Good job tuning out your friend’s shitty advice and her excuses for this guy’s cloying behavior! If he’s so great, she can date him (I don’t advise it, but she certainly can.) Good job spotting red flags, sticking to your boundaries, and recognizing that this guy is “in love with you” the way Pepé le Peu is “in love” with the poor cat he’s mistaken for a skunk. He wants to be in love so bad that the closest being that sort of fits his template will do, and he’s trotting out his strategems* for “how to treat women” instead of listening to you about how to treat you.
*Exhaust them, mostly.
This skunk has chased you long enough, I think, and you owe him nothing. I recommend that you block his number, block him on all the apps, and see if you can preemptively block him from being able to follow or see any social media accounts you have. Do not attempt to notify, explain, or apologize, and do not reply to *anything* he says or does to get around the blocks. Blocking someone after they declare their love, get dumped, and keep right on texting despite receiving no response is not an unclear or mysterious move. It means: “I don’t want this. Stop.”
If you are indeed worried that a lack of dating experience is holding you back in some ways, it has never been easier to go on more low-stakes first dates with more nice people and see if something clicks. Meeting more people will give you more information about what you like. It sounds like what you like is someone who treats you like a friend with the possibility of romance, and you don’t like surprise feet stuff or people who come on strong with boilerplate romantic declarations. (Hard same, honestly!) We are all flawed beings, but please get out of the mindset that your flaws mean you have to put up with stuff that gives you the ick. Feelings aren’t fair, and everything about your story is a reason to be more discerning (“picky”) about who you spend time with, not less. So continue to move at your own pace, and pay attention to reciprocity, safety, and your own enjoyment, and trust that the right people for you will not make you feel like you’re being chased. And remember, someone can be very nice, very into you, and do everything technically right, and still not be your person.

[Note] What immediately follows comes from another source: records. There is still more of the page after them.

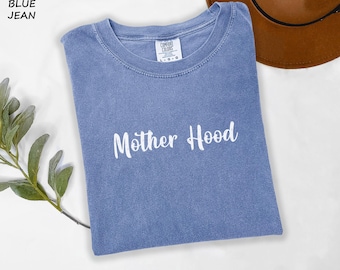 Mother Hood Shirt, Comfort Colors, Motherhood T Shirt, Cool Mom Club, Trendy Mama Tshirt, Mom Life Tee, Oversized Graphic Mom T-shirt,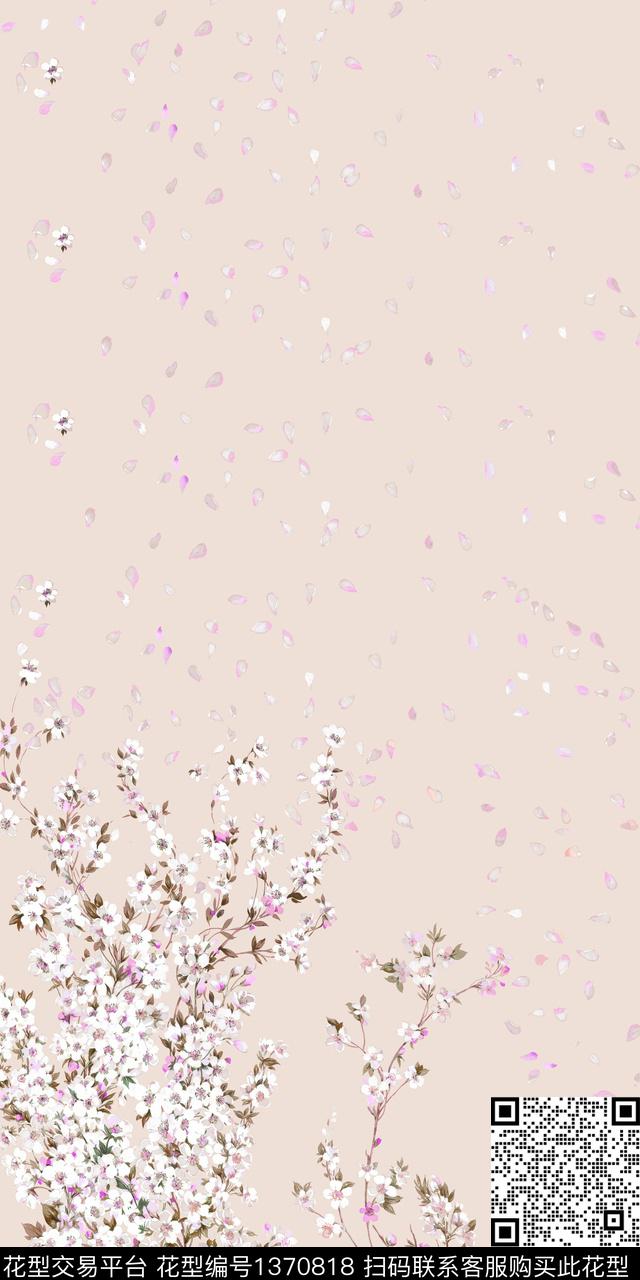 女装定位花大牌风小碎花数码印花华亿平台下载（图片编号: 1370818） - 瓦栏（Walan）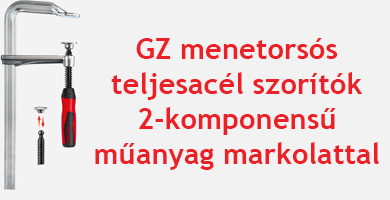 GZ eredeti BESSEY menetorsós teljesacél szorítók 2-komponensű műanyag markolattal
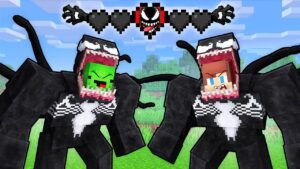 Mikey and JJ Survive as VENOM in Minecraft (Maizen)
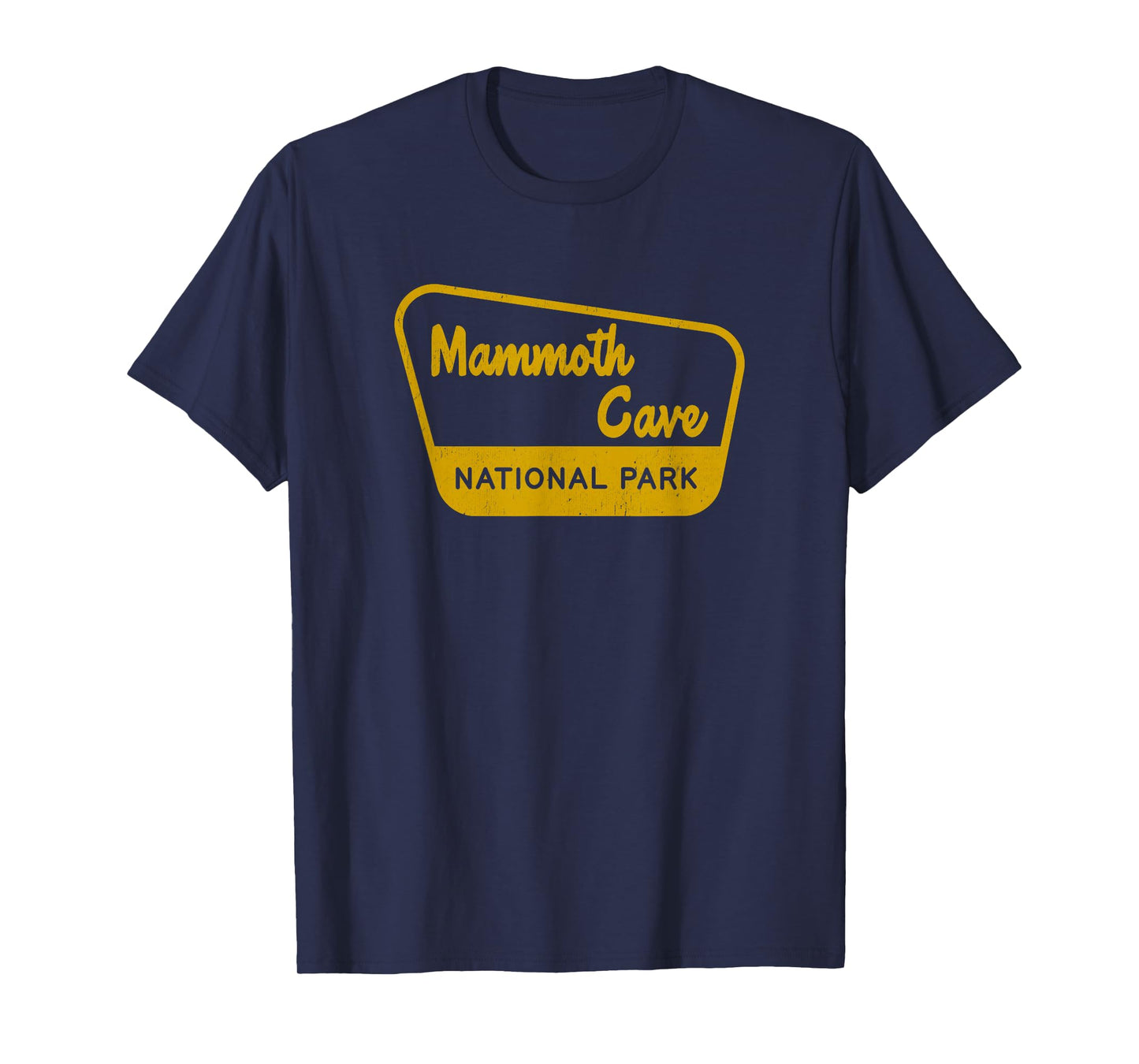 Mammoth Cave National Park Vintage Inspired Sign Graphic T-Shirt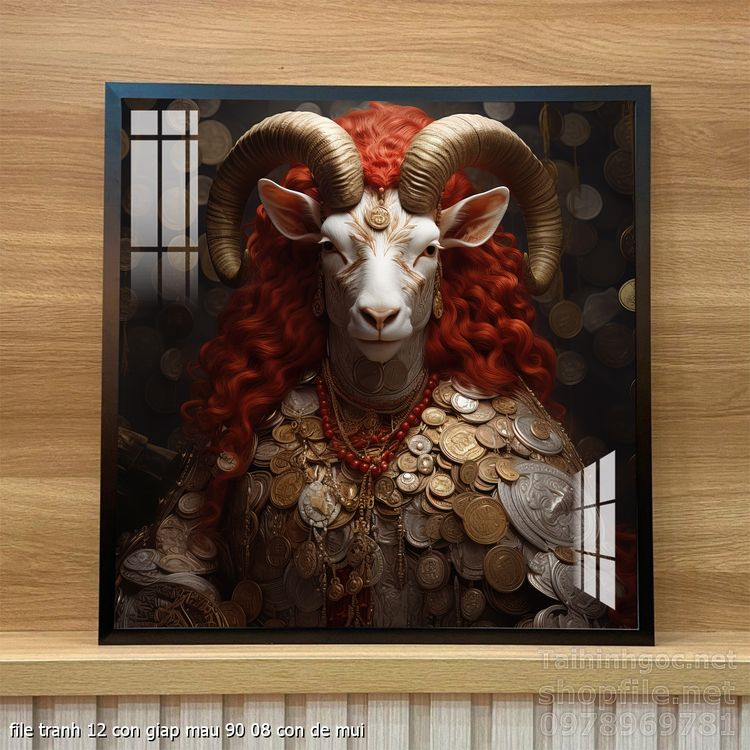 file tranh 12 con giap mau 90 08 con de mui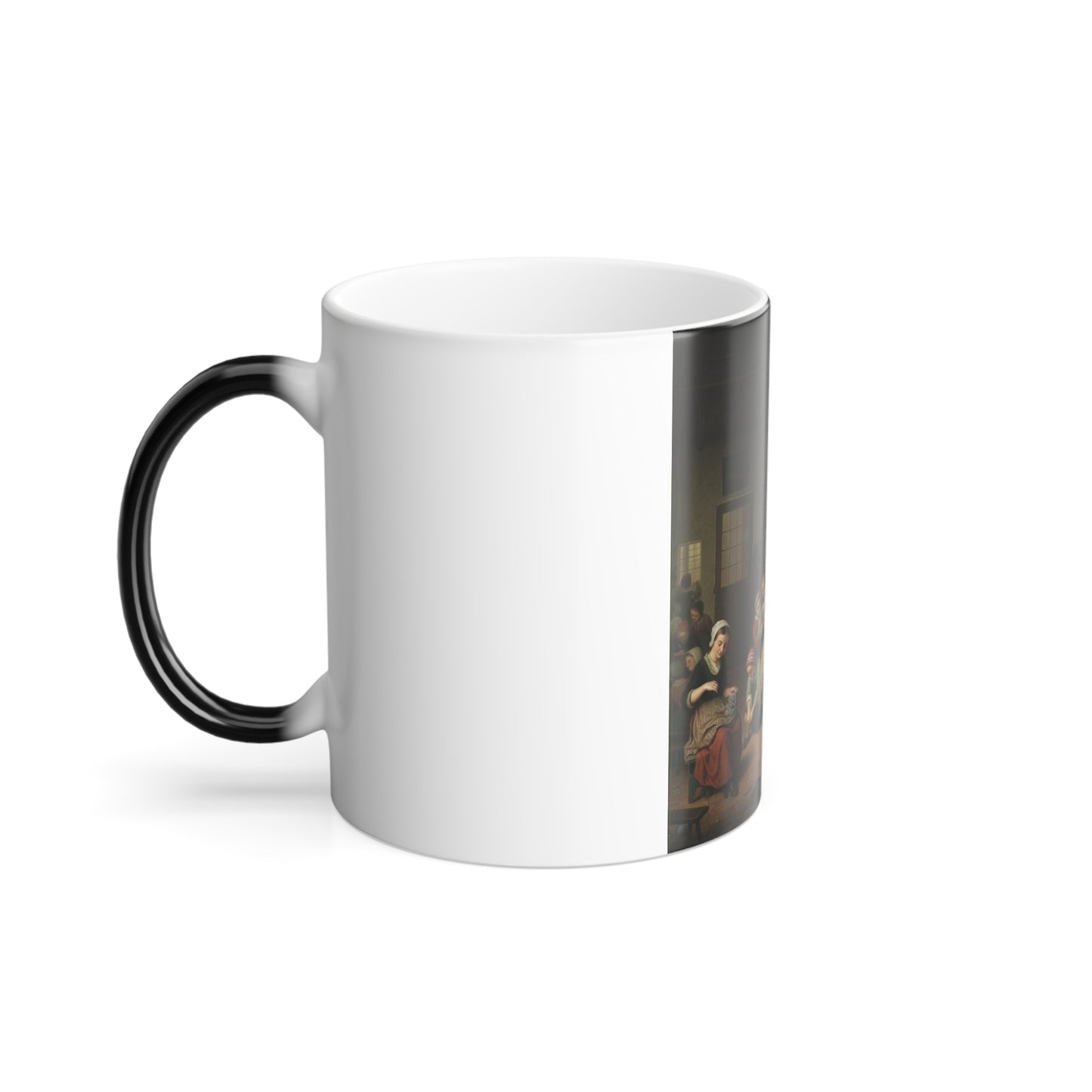 Basile de Loose (1809-1885) The Schoolroom - Oil on Canvas 1861 - Color Changing Mug 11oz-Go Mug Yourself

Thank you for your letter. Please allow me to build a general 2025 precept, akin to “Do Less Work” upon it:
Feelings are information. Stop talking yourself into or out of your feelings. Especially stop beating yourself up for not feeling what you think you should feel, and start listening to what your actual feelings are trying to tell you. Not every feeling is helpful or needs to be acted upon, but good news, you can decide what you want to do about your feelings later, as its own separate step! Just, it’s very hard to both make good decisions about a feeling and talk yourself out of having that feeling at the same time.
It is time for the periodic ritual where we treat the search strings people typed in like actual questions. All snap judgments, no context, let’s do it!
Forgetting a payment method once in a great while is a regrettable error. Forgetting it “always” (and not following up immediately to pay some other way or following through on treating next time) indicates a game of Awkward Chicken is afoot, where they are basically daring you to speak up and calculating that you’ll find it less awkward to pay.
Take the dare!
Stop making plans that cost money with this person until you’ve addressed the problem, and ask for separate checks up front whenever possible to minimize room for shenanigans. When you do address it, instead of hinting around or accusing them of forgetting on purpose (and getting blasted with shame and defensiveness), be blunt and direct about what you want to happen now/next. “Your half is $X, can you Venmo me right now?” “You still owe me $Y from last time, so I’d rather not do anything that costs money until we’re square. Can you pay me back today or should we plan something free?”
Nope!
I’m in no position to judge people for the fact of struggling financially, but in my experience, asking a brand new partner to lend money beyond “Can you snag us advance movie tickets and I’ll grab the dinner?” is among the most crimson of flags. It ranks only slightly behind a) “suddenly” losing their housing situation and needing to move in right after the first “I love yous” are exchanged (#hobosexuality), b) having a ton of bullshit reasons about why they “can’t” or “don’t have to” wear condoms, and c) any sentences that include the words “If you really loved me, you would_____.,” “It’s okay, my wife is cool with it,” or “You’re not like other girls.”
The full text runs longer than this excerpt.